For $20,800 for 28 days, patients undergo a regiment of instruction, therapy, fellowship and something about having to get up at 6 in the morning. "This campus is routinely inspected by detection canines," says a sign in the lobby of the nonprofit. The only permitted "contraband" is candy. A media blackout is imposed; no cell phones, no BlackBerries, no TV - except during Super Bowls and World Series. Sixty percent of the patients are men, after all.
Until a few years ago, Father Martin regularly visited and welcomed patients with his trademark: "The nightmare is over." He held court afternoons in the sunny dining room, as patients gathered around.
To know Father Martin is to know his penguin joke: A police officer spots a drunk walking down the street with a penguin. Tells the man to take the penguin to the zoo where he belongs. The next day, the officer sees the same drunk walking the same penguin. Thought I told you to take him to the zoo. "I did," the drunk said. "He loved it. Today, we're going to the library."
The joke, emblematic of Father Martin's disarming approach to addiction, is immortalized in Ashley's chapel, where a 1-inch figure of a penguin was inserted in one of the stained-glass panels. The penguin is part of a tour of Ashley, as are the hundreds of nametags stuck on the ceiling of a waterfront gazebo by patients on their last day at the facility.
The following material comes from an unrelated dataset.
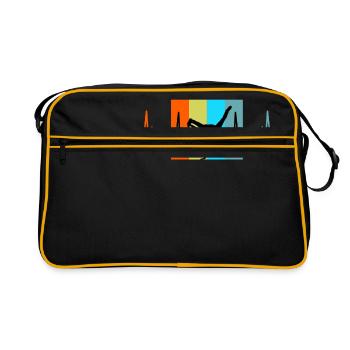 Cadeau rétro Breakdance Heartbeat - Sac Retro - noir/or - Devant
Along the fence line above the Chesapeake Bay, markers still remain for Molly and Bonnie, Father Martin's Labs that once escorted patients on walks and chronically retrieved balls.
Adorning the walls of Ashley's rooms, portraits of Father Martin and Mae Abraham hang inseparably. Mae still speaks there every month, while Father Martin has stayed home. He watches the news, waits for her return, and steels himself against more dialysis.
"I live tired," he says.
But he's not alone.
At the Abraham home
At Mae Abraham's Havre de Grace home in early June, no one is enjoying the pool - too hot for that. Her manicured gardens feature plants just high enough, as she points out, to avoid the urinary wrath of the Labradors, which her 52-year-old son, Alex, field trains. The home was built out in the back to make a bedroom for Father Martin. A crucifix hangs over his crisply made bed, where a stuffed penguin hogs a pillow.